Série et BD partagent donc les mêmes thèmes : récit centré sur un écrivain porté sur la boisson, toujours des problèmes avec les femmes, une certaine dose d’ironie, New York pour cadre, un intérêt marqué pour la littérature policière et les détectives… Surtout, une même ambiguïté – sans aucun doute volontaire – avec l’auteur.
La grande différence entre les deux est le rapport avec l’alcool. Dans un cas (Bored to Death), l’humour est largement privilégié et l’alcoolisme supposé du protagoniste complètement évacué. Précisément, il n’est plus qu’un motif humoristique, prétexte à un certain nombre de pitreries. Dans l’autre (The Alcoholic
), le lien destructeur du personnage avec l’alcool est largement disséqué et surtout saturé à chaque page de l’angoisse de l’alcoolique.
L’image de l’alcool change du tout au tout. Dans Bored to Death, elle laisse de côté l’ébriété du personnage, à peine sensible dans le jeu, qui fait rire. C’est en un sens le corollaire drôle et épuré des soûleries du Jonathan-Alcoholic. Dans le roman, on ne boit pas sans vomir. Le rapport à l’alcool est destructeur, chargé d’angoisse. J. Ames et le dessinateur, Dean Haspiel, n’hésitent pas à mettre en scène le corps détruit ou dégradé à cause de l’alcool et de la drogue. Il y a bien certains moments assez drôles, mais la dynamique principale du texte est celle de l’horreur.
Elle devient emblématique de tout, notamment des relations humaines : face aux dialogues croustillants, drôles, pleins d’esprit entre le J. Ames de la série et ses deux acolytes, le roman graphique plonge dans des situations proprement déchirantes qui laissent le cœur brisé – notamment le récit de la relation du protagoniste avec son meilleur ami. Dans la série, l’amour blessé est loufoque, rigolo, déchargé de tout poids ; et ce n’est pas une mauvaise chose.
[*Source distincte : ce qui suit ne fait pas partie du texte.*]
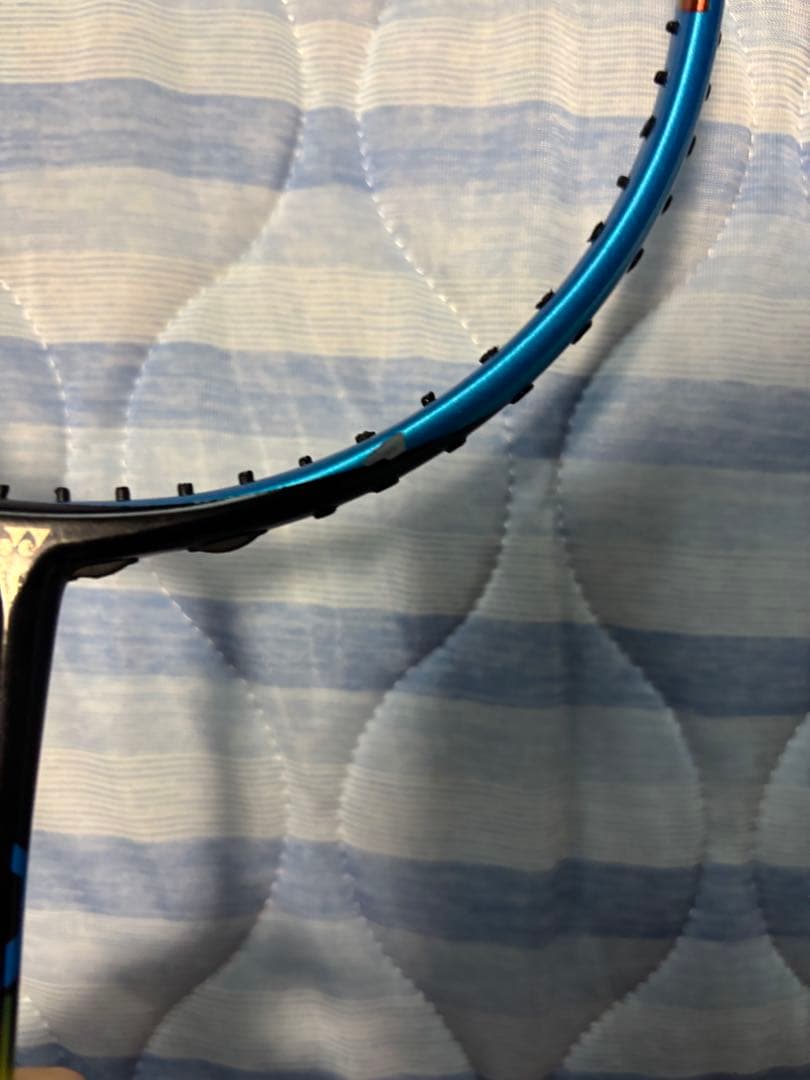 ASTROX 77 バドミントンラケット 赤/青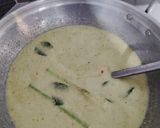 Foto langkah ke 4 dari resep Ayam Masak Lemak Cili Api.
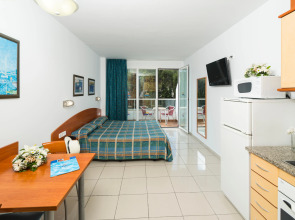 Aparthotel Costa Encantada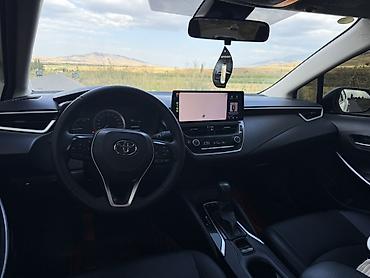 королев: Toyota Corolla: 2022 г., 1.8 л, Вариатор, Гибрид, Седан — 6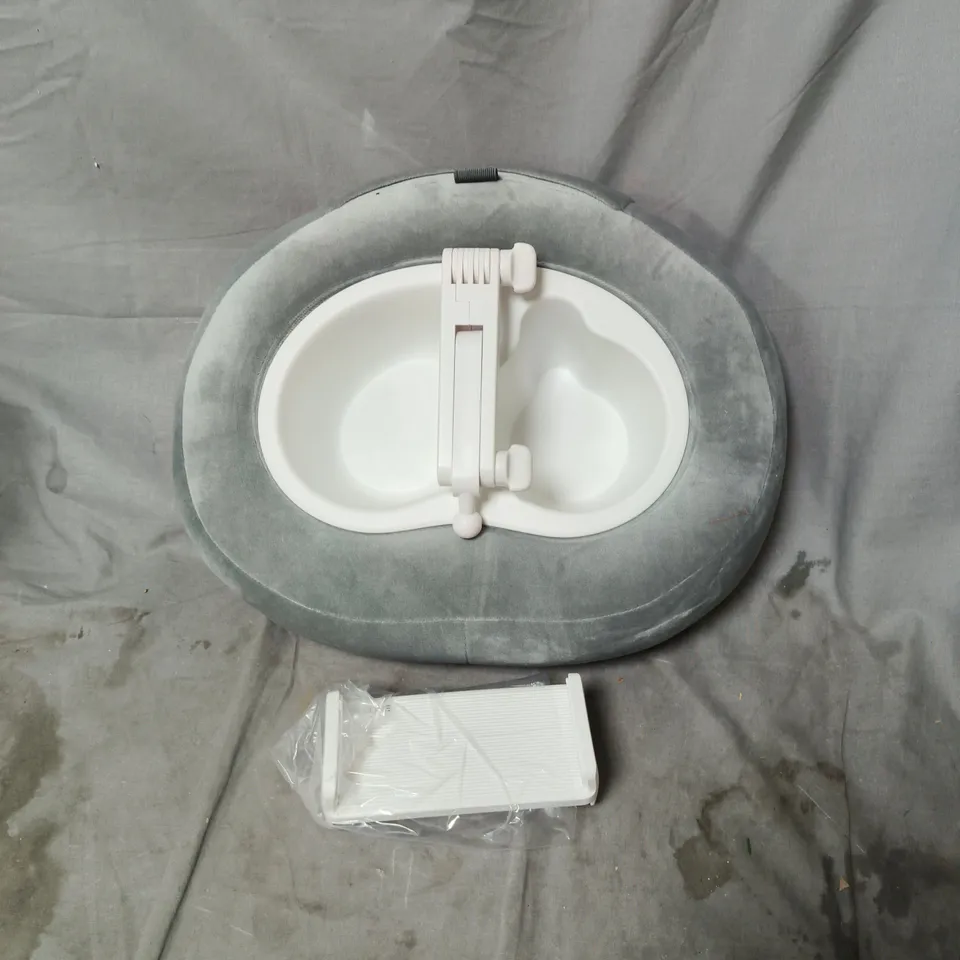 TRYONE PILLOW STAND BZ-01 WITH PLUSH GREY PILLOW BASE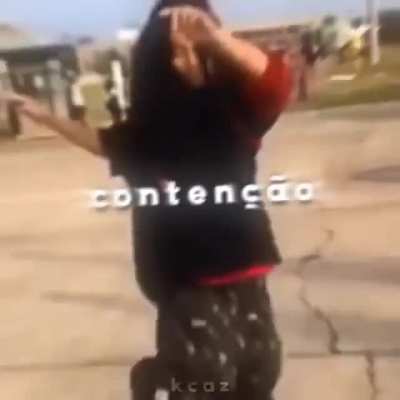 Enquanto isso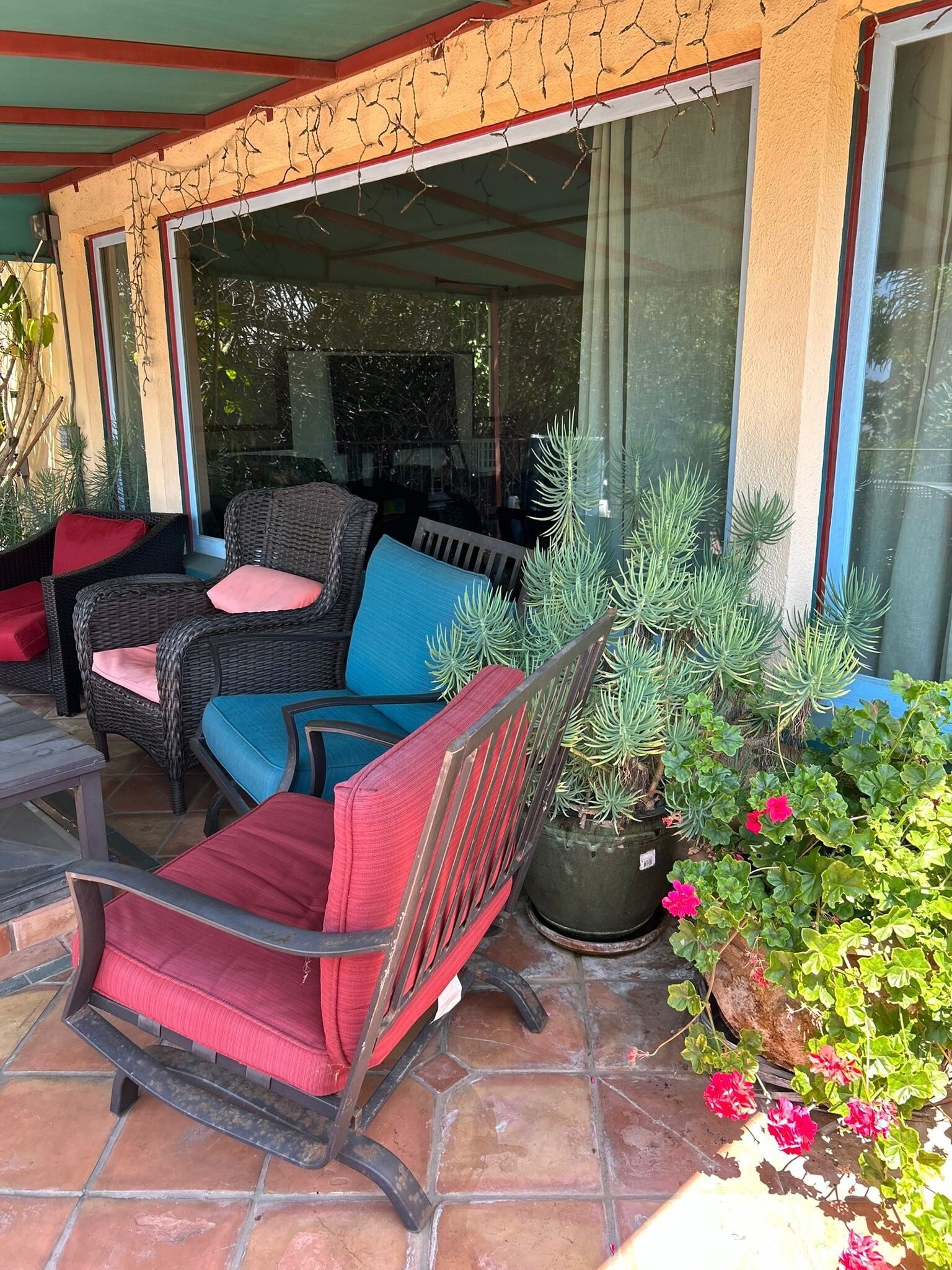 Building Photo - 212 3rd Ave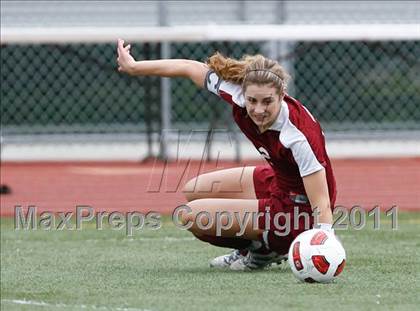 Thumbnail 2 in Flintridge Sacred Heart vs. Oaks Christian (CIF SoCal D3 Regional Final) photogallery.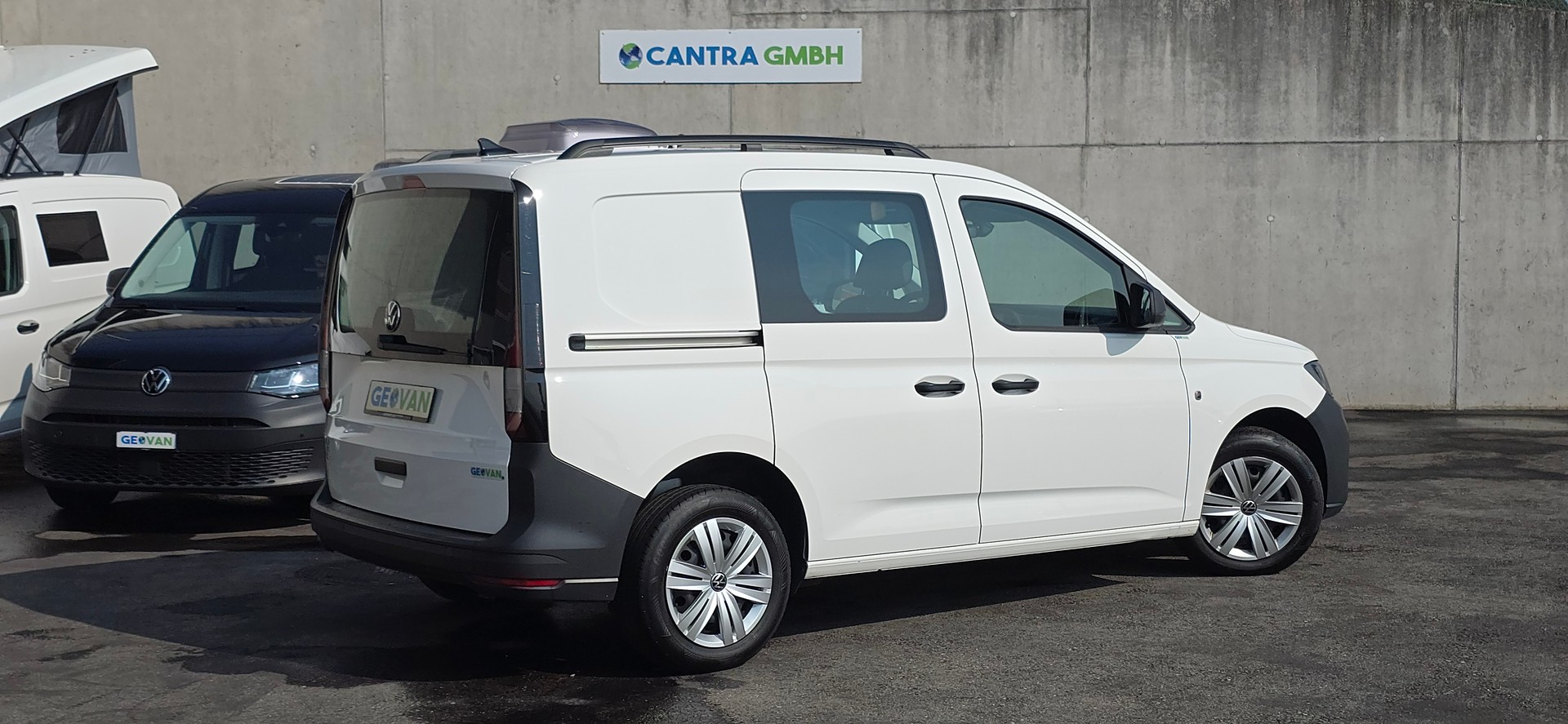 VW GEOVAN M 2.0TDI - NEUES MODEL - Navi - PDC - Klima - DAB+ - Tempomat-image-2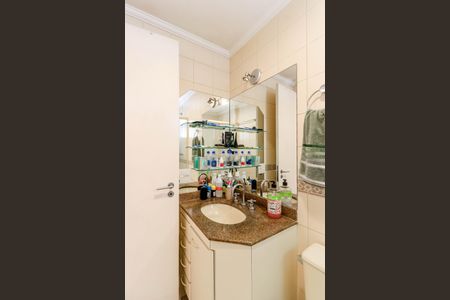 Apartamento à venda com 80m², 3 quartos e 2 vagasBanheiro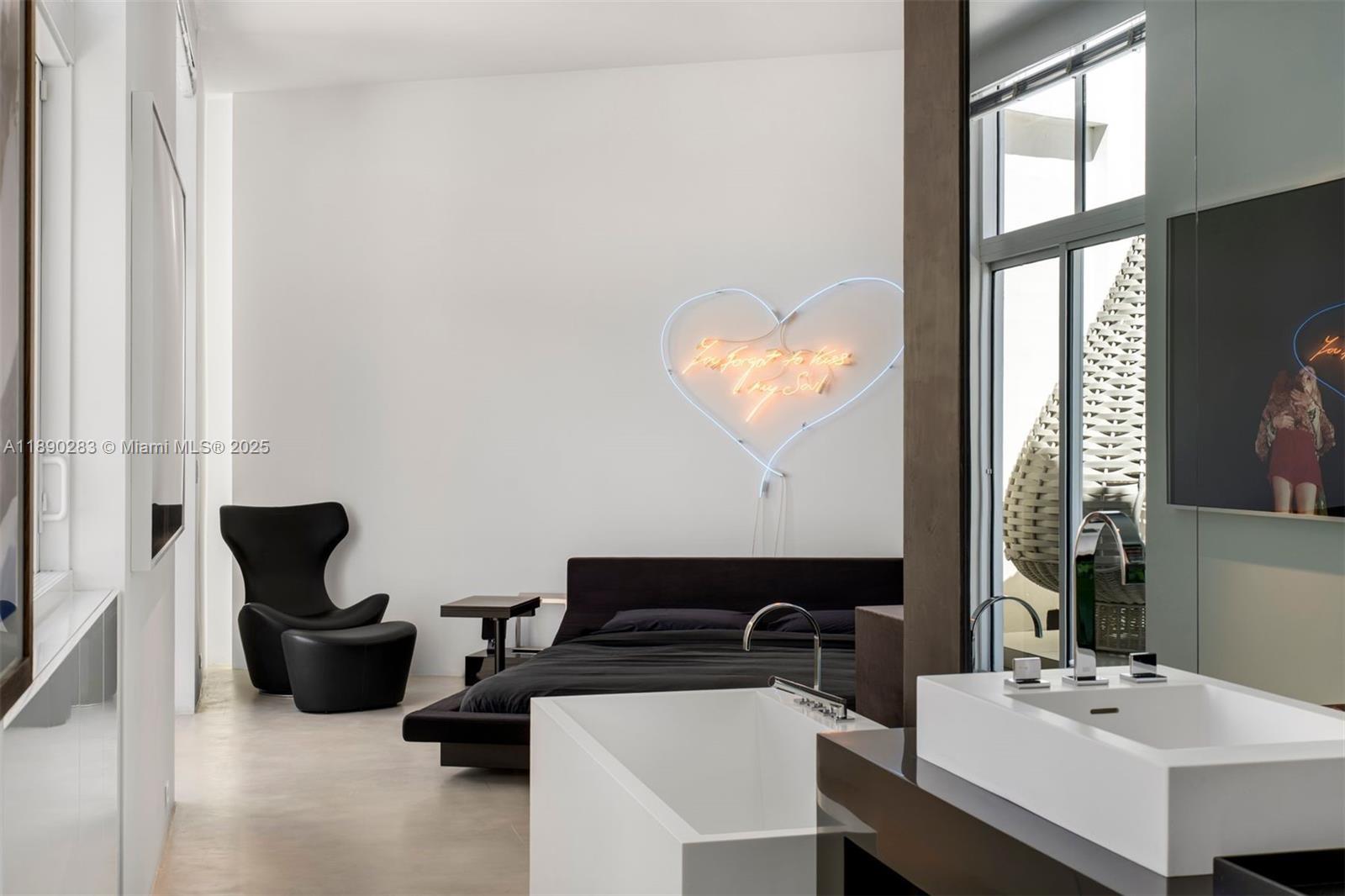 2001 Meridian Ave # 01, Miami Beach Unit: PH-01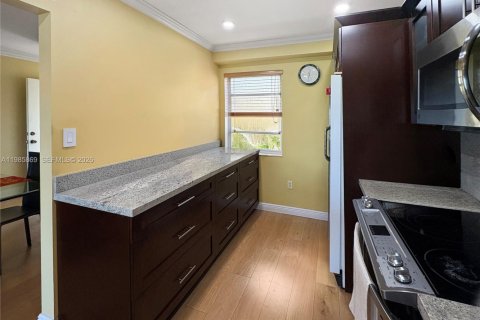 Condominio en alquiler en Hialeah, Florida, 3 dormitorios, 119.66 m2 № 2047556 - foto 4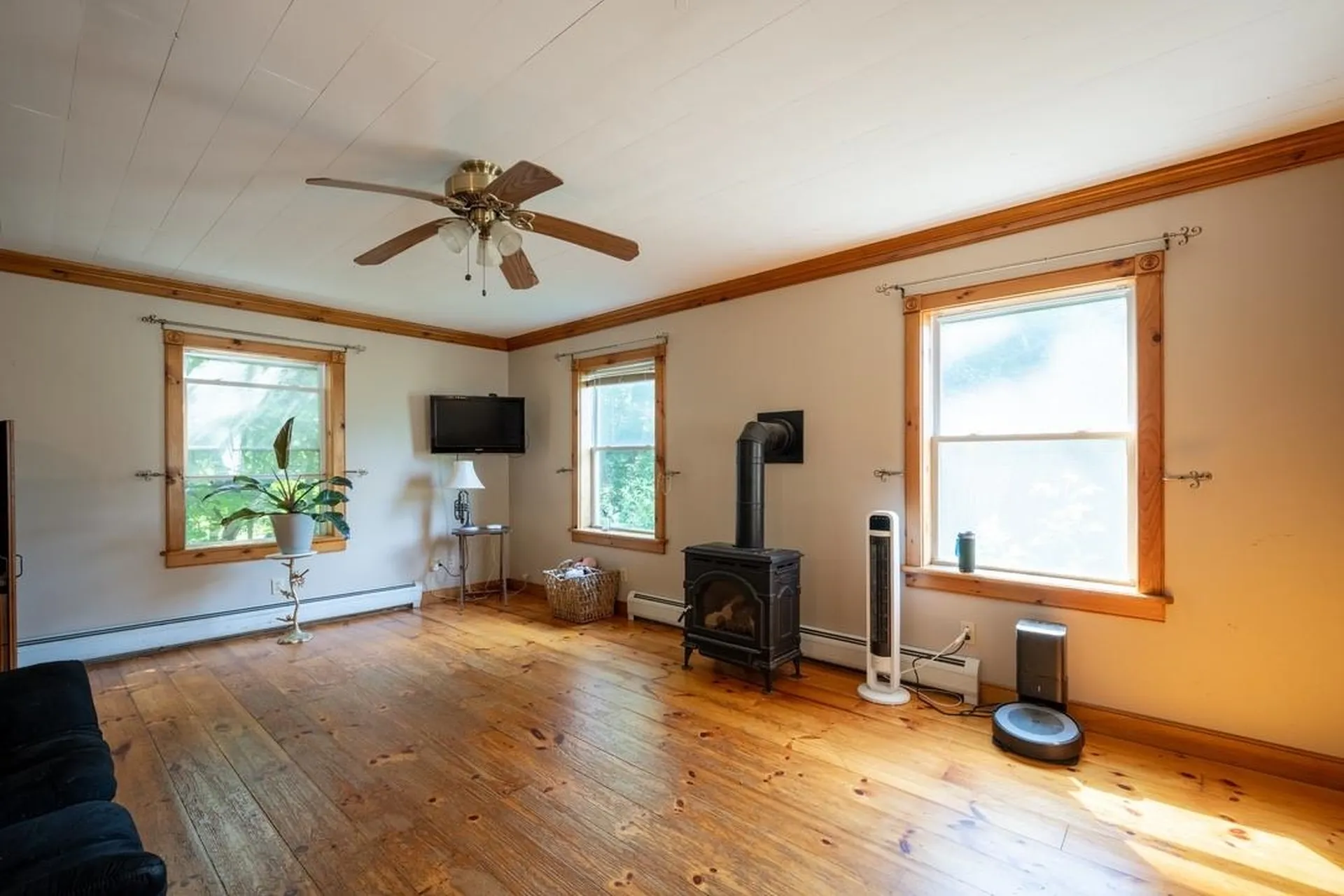 17 Bunny Lane Weybridge VT 05753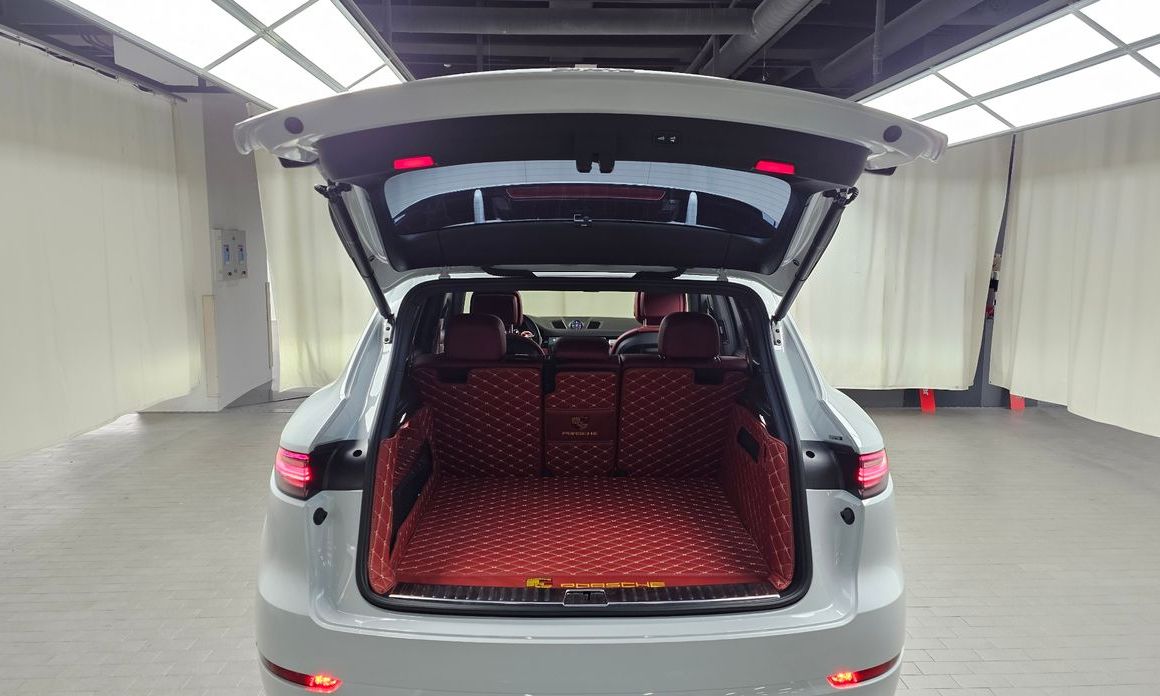 Porsche Cayenne 2023
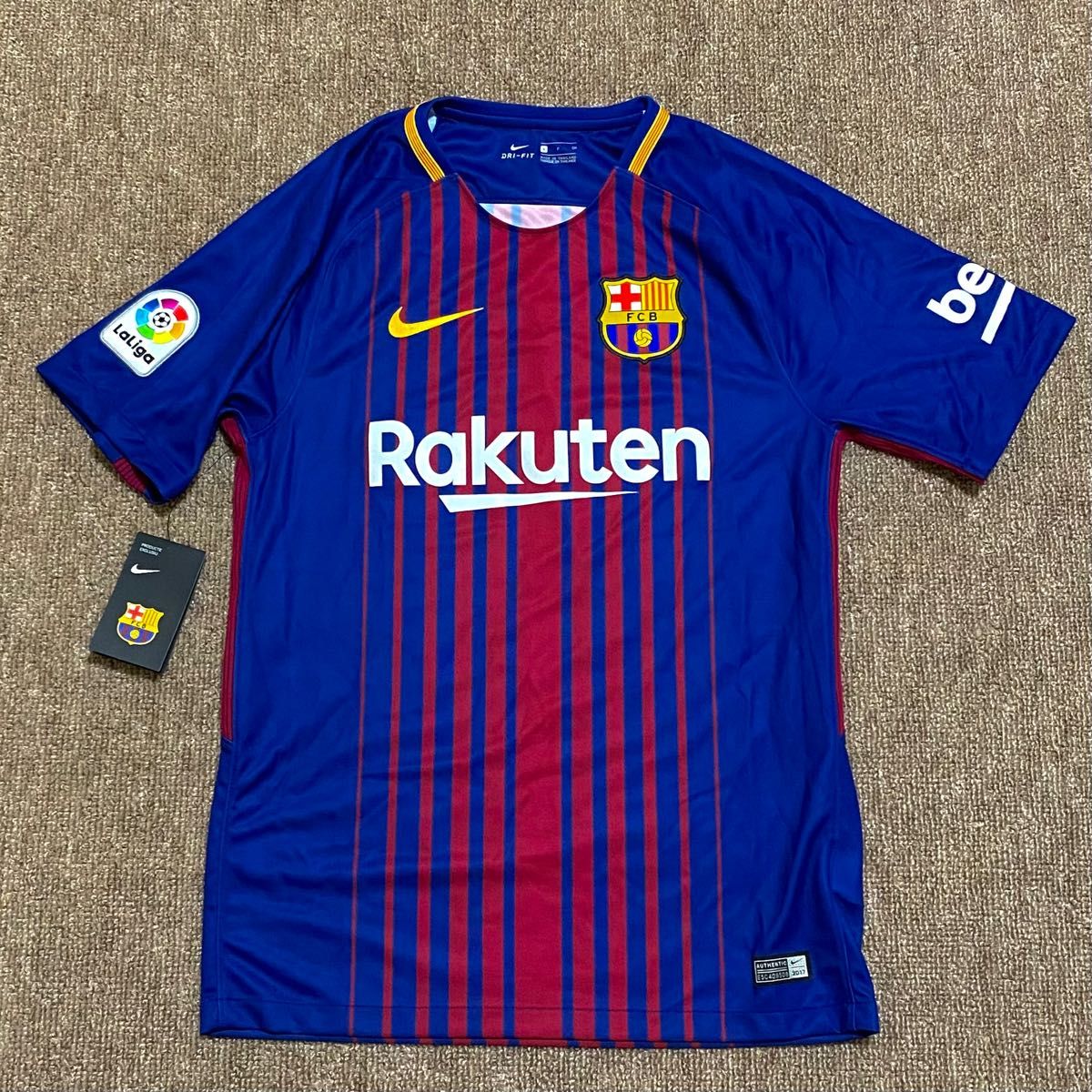 新品タグ付 FCバルセロナ 2017-18 レプリカユニフォーム 背番号 新品タグ付 FCバルセロナ 2017-18 レプリカユニフォーム 背番号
Chaque épisode est savoureux, drôle, porté par chacun des trois acteurs principaux (les deux cités plus haut et Ted Danson). Le roman, dans l’anonymat du dessin, se charge de thématiques pesantes, douloureuses : impossible oubli d’un amour, fin d’une amitié, 11 septembre, sida, drogue…
L’ambiguïté, elle, perdure. Où est le Jonathan Ames de chair et dos ? On ne sait pas. Un peu ici, un peu là. Peu importe : ces deux facettes contribuent à créer sa silhouette artistique. Loufoque, brisée, ambiguë.